Forget traveling around the world in 80 days. You can now see glimpses of the globe through 100 bedrooms.
French photographer and filmmaker John Thackwray depicts colorful, detailed rooms from 55 countries in his "My Room Project" series. He started the project out of curiosity about other cultures.
"I was curious about lifestyle and culture, about how the world is mutating faster and faster," Thackwray told Revelist.
So, he spent the past six years interviewing 1,200 people between the ages of 18 and 30 about their lives and their bedrooms for "My Room, Portrait of a Generation."
(Joseph, 30 — artist living in Paris, France)
"I've written their stories, and gave them a way to express themselves about the world of tomorrow," Thackwray told Revelist. "Each person has their own story and they can talk about something that is wider and more universal."
While the photos tell descriptive stories, Thackwray actually spends very little time composing and shooting. He's mostly focused on persuading people to participate in the project.
(Maleeq, 28 — entertainer living in New York, United States)
Thackwray approached people on the street for photos, but he more often worked with nongovernmental organizations or made connections through social media.
“I would say i developed different skills to approach people and stay in the safe zone,” Thackwray said. “In every new country I need to establish quickly a safe network of people [I can trust] who understand what I’m doing and are ready to help me.”
(Yuan, 22 — seller living in Dali, China)
Even though he’s finalized his selections for his book, Thackwray is still interviewing and photographing people in their rooms to further his project.

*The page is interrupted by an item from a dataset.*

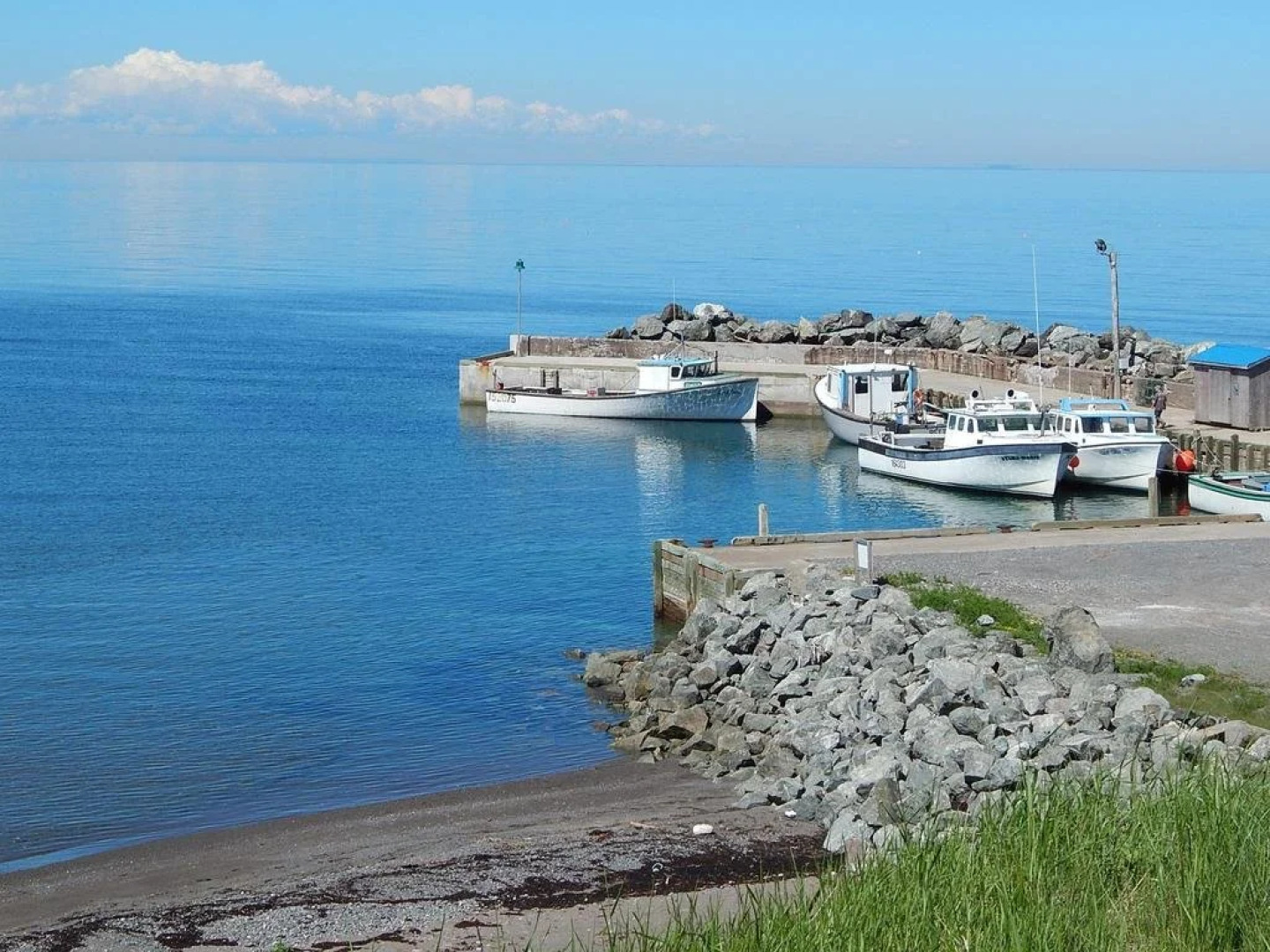 Blue Tin Roof Bed & Breakfast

"I continue this work and spend so much time and energy on this project, because I quickly felt that if I don't get these shots, no one's gonna take [them]," Thrackwray said. "It's easy to imagine the same photos with the parents of my [subjects from] 20 years ago. It could have been so different."
"The world is changing so fast and I feel it's important to document the lifestyle of my generation."
(Pema, 22 — Buddhism student living in Kathmandu, Nepal)
Thackwray said traveling has helped him understand the many misconceptions people have about impoverished communities.
"Poor communities are not necessarily violent... I also feel that many people always confuse comfort and happiness. Actually I've seen more smiles in poor countries, and much more depression in developed countries," Thackwray said.
"Inequalities and ignorance are the main scourges of humanity."